A couple of months ago, I bought a 63 Schwinn Traveler off the local CL for $20.  I wanted the bow pedals and the S seat.  I was happy just to toss the rest.  Then I sold the S5 wheels and tires so now I'm ahead $$.  Prior to that I bought a Chinese Schwinn "beach cruiser" for a pair of tires and the rear rack.  The Chinese Schwinn came with the 2.125x26 tires but they were on a rim more the width of an S7. Hmmmmmm?  I've since put the alloy Chinese rims w/ coaster brake and a set of Kenda 1.75 tires on the lightweight Traveler frame.  Used the seat off the Chinese Schwinn and now have a really light in weight bike that isn't riding on skinny tires.  Has to be one of the easiest riding bikes I have.  Next step  will be to see if the Chinese rack will fit the frame.  Would not have believed I could put this together for $0 and have such a good riding bike.


----------



## GTs58 (Sep 14, 2020)

Interesting Chiwinn.
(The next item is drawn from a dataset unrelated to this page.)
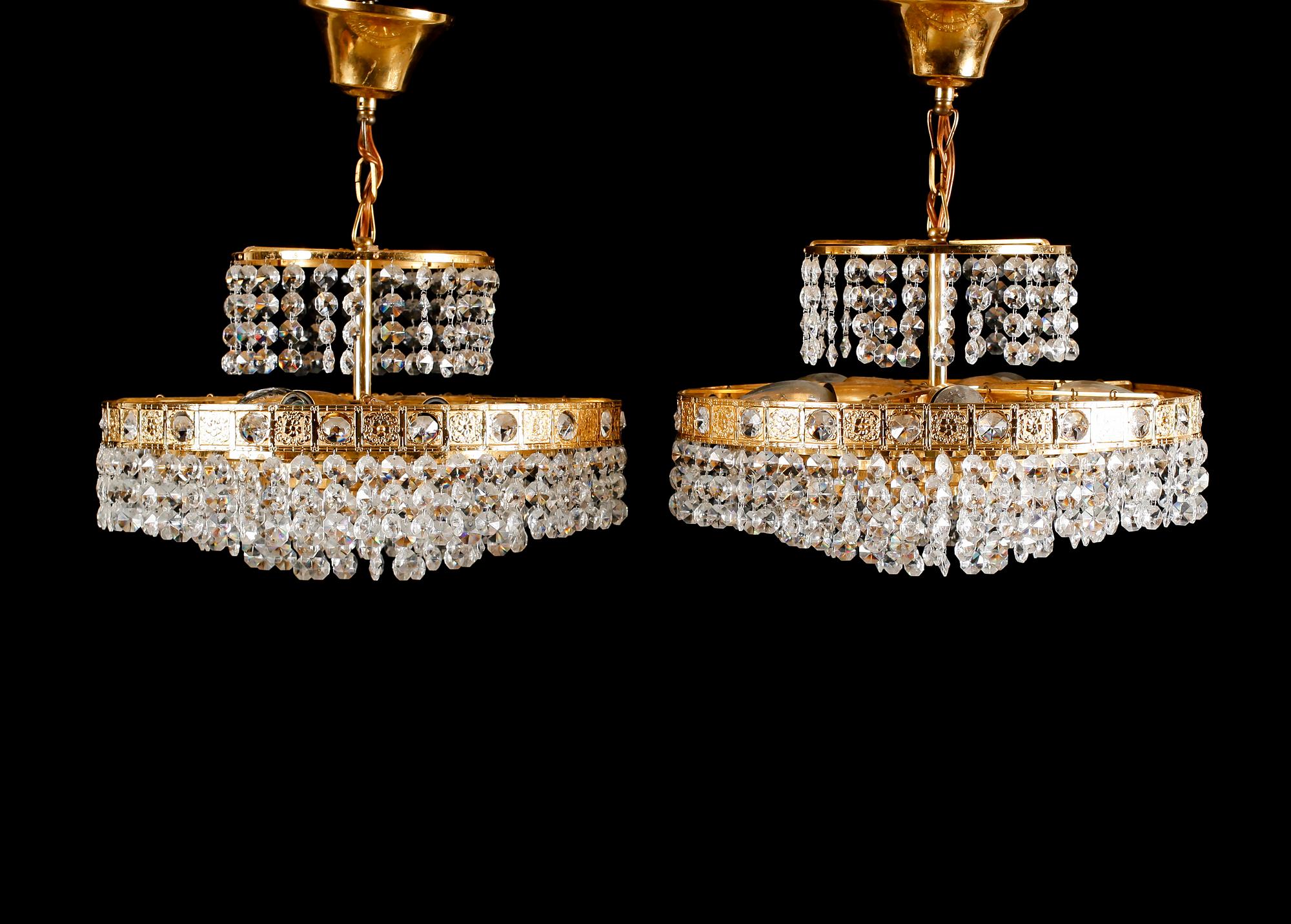 TAKLAMPOR, 1 par, 1900-talets andra hälft. Höjd 45 cm.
Those tires sure won't rub the fenders. I'd sell the fenders and make it a Beach Cruiser.


----------



## Rivnut (Sep 14, 2020)

No beaches in Shawnee, Kansas.  I did originally have no fenders on the bike but I rode it once when the pavement was still damp.


----------



## Tim the Skid (Sep 17, 2020)

It's fun to cobble a bike together from random parts. I do it all the time. You're right, sometimes they turn out to be great riders.


----------



## Rivnut (Sep 21, 2020)

Not much going on today so I thought about what @GTs58 said about the fenders. I normally  don't ride on wet pavement so I took the fenders off.  While I was at it, I swapped seats and pedals, and put on the rack that came on the Chinese Schwinn. A little different look but it rides the same.


----------